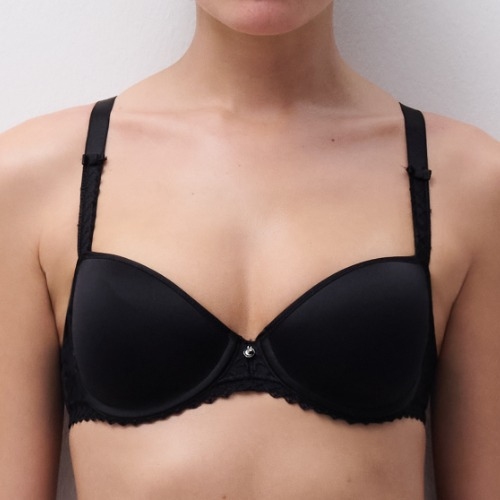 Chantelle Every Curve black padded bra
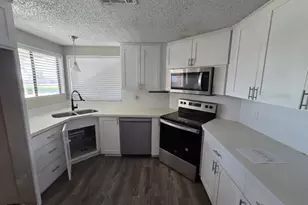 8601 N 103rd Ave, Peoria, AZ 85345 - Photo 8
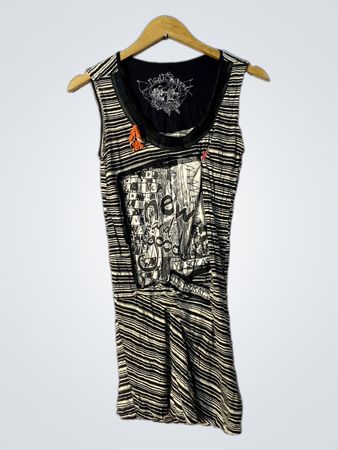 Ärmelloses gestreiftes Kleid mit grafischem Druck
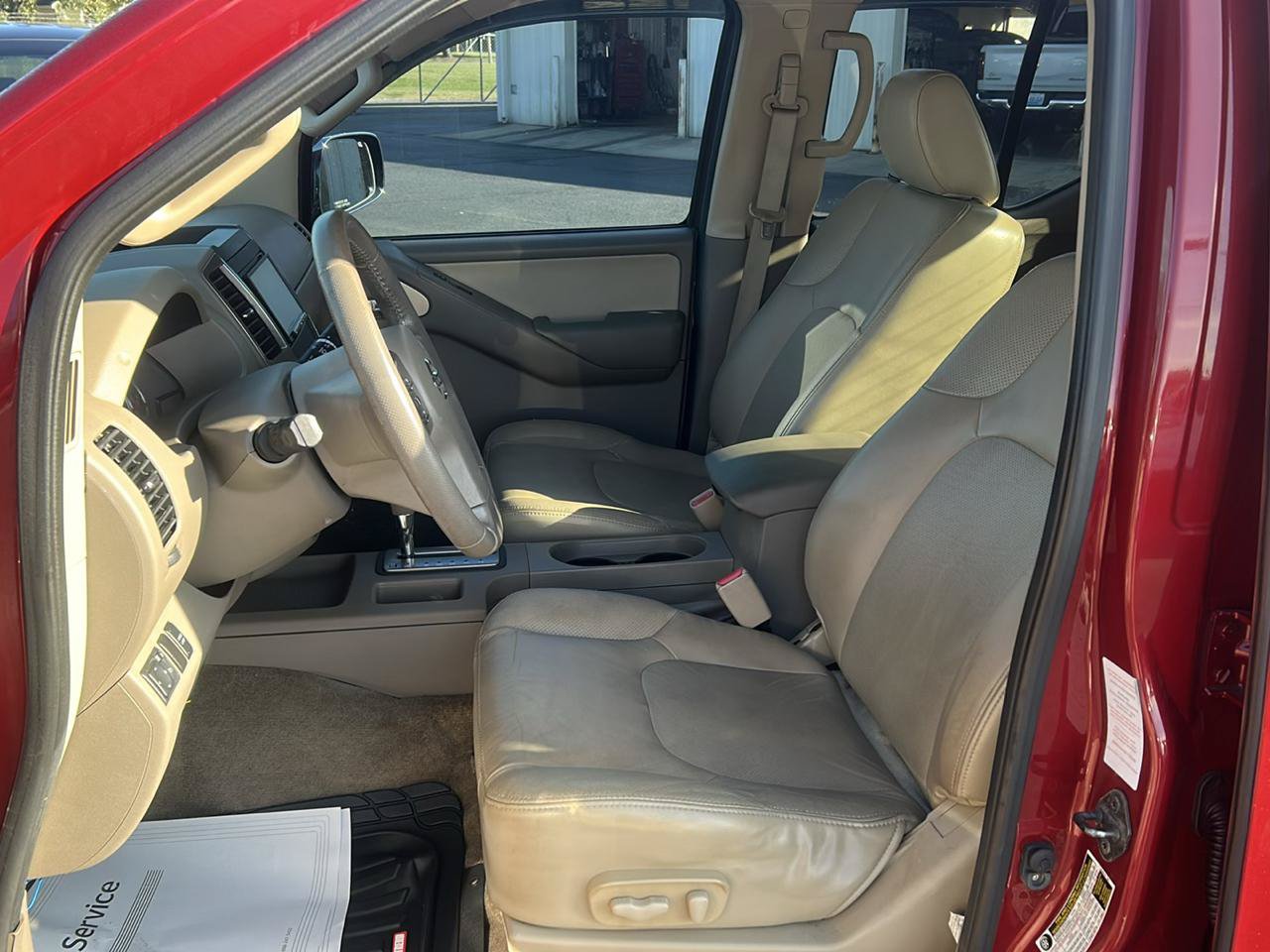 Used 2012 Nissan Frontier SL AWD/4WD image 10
* * *
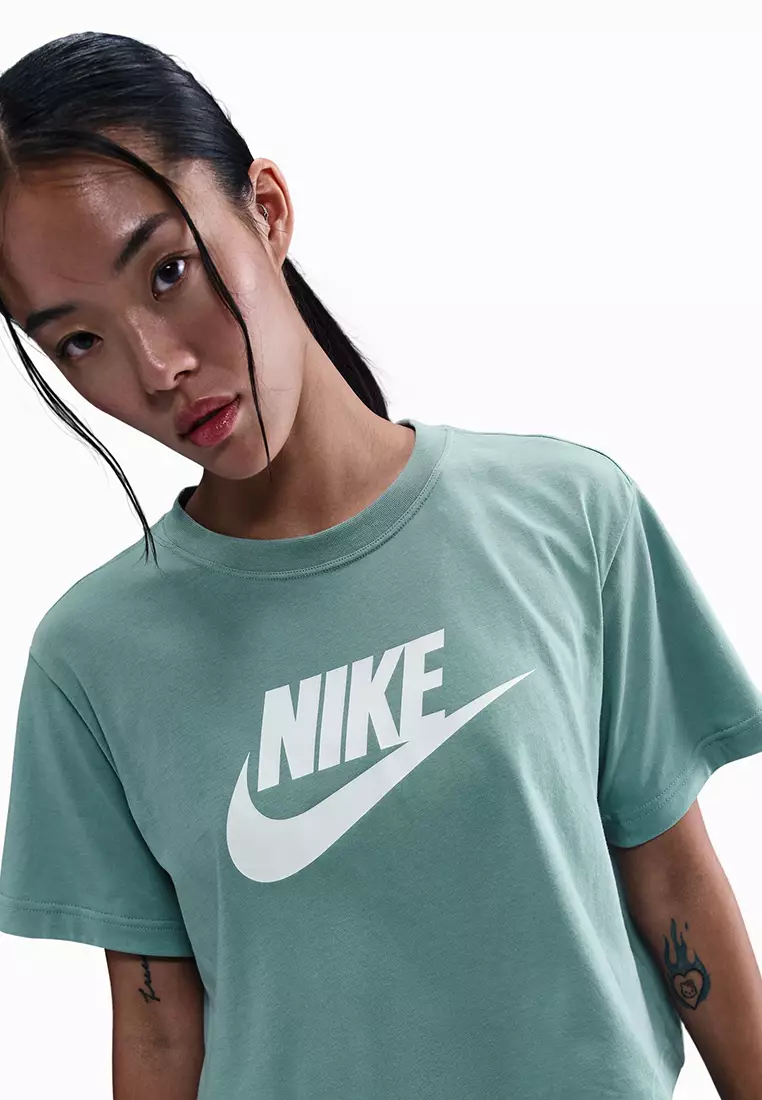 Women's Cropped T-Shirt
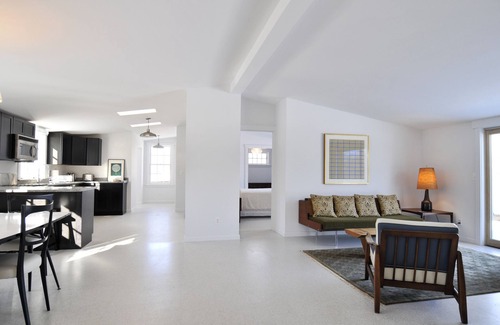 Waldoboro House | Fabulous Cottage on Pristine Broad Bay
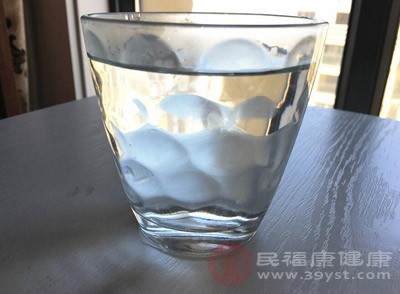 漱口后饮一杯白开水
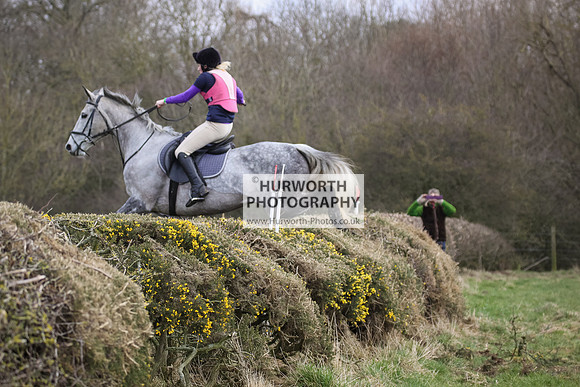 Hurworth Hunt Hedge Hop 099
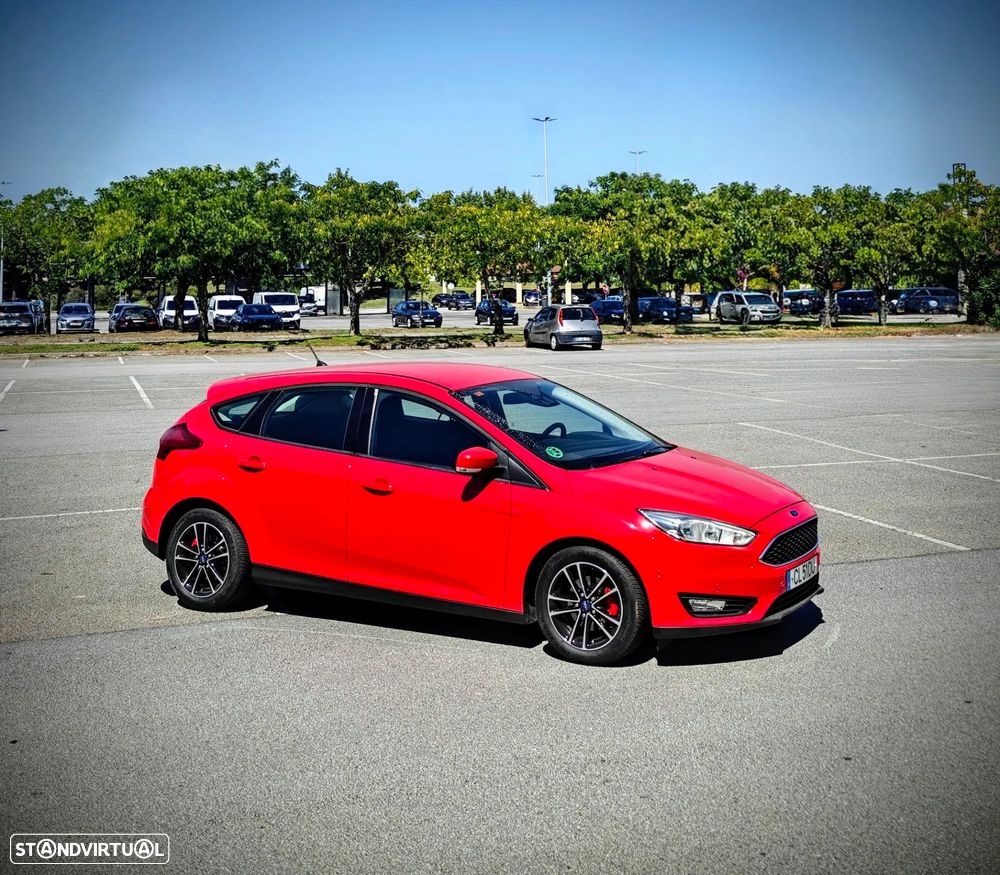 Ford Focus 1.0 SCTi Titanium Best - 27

Problem:
Copy word for word the span of the records above that begins at the line with "Chantelle Every Curve black padded bra" and ends at the line with "Used 2012 Nissan", including those two lines but not the pictures.

Response box:
 Chantelle Every Curve black padded bra
 8601 N 103rd Ave, Peoria, AZ 85345 - Photo 8
 Ärmelloses gestreiftes Kleid mit grafischem Druck
 Used 2012 Nissan Frontier SL AWD/4WD image 10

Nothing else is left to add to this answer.